So, so much of good system design is abstracting out complexity. So, so much of good testing is understanding where the complexity is and poking that with a flamethrower until you decypher as many interesting things about that complexity as you possibly can.
Yes, that's a lot of badly mixed metaphors. Deal with it.
I'm taking my team of testers through learning Test Driven Development using the Payroll Calculator example from my course Coding for Non-Coders (https://www.ministryoftesting.com/dojo/courses/coding-for-non-coders-jim-holmes). The problem walks people through creating a small bit of code to compute wages for an hourly worker based on the hours they worked and their payrate. The worker may have some overtime if they worked over 40 hours in one week.
Simple problem, familiar domain.

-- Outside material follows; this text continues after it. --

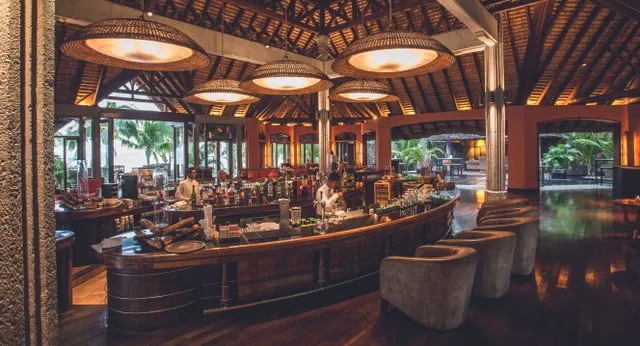 Dinarobin Beachcomber hotel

Hours, rate, determine how much a worker gets paid before deductions.
Right now we've finished standard time and have six total tests (three single XUnit [Fact] tests and one data-driven [Theory] with the same three test scenarios).
The "system" code right now is this bit of glorious, beautiful stuff below. Please, be kind and remember the context is to show testers a bit about TDD and how code works. No, I wouldn't use int for actual payroll, m'kay?
public class PayrollCalculator {
public int ComputeHourlyWages(int hours, int rate)
{
return hours * rate;
}
}
We were getting ready to move into writing our first test for overtime. At this point, one of my team members jumped ahead to ask about adding in a separate method for computing overtime hours. We haven't written any tests yet, but this was absolutely worth heading off on a discussion!
The intent of my tester's question was if we should make the system work like the snippet below--some hand-wavy psuedo code is inline.
public class PayrollCalculator {
public int ComputeOvertimeWages(int hours, int rate) {
//calculate ot wages
return otWages;
}
public int ComputeStandardTimeWages (int hours, int rate) {
//calculate standard wages
return standardWages;
}
}
Splitting calls to compute separate parts of one overall action may seem to make sense initially, but it's far more risky and complex.
What are we trying to do? We're trying to figure out what a worker gets paid for the week. That's the single outcome.
Think about some of the complexities we might run in to if this was broken into two separate calls. Think of some of the risks that might be involved.
- Does the order of the calls matter? Do I need to figure standard hours first, then call the ComputeOvertimeWages method? What happens if I call overtime before standard?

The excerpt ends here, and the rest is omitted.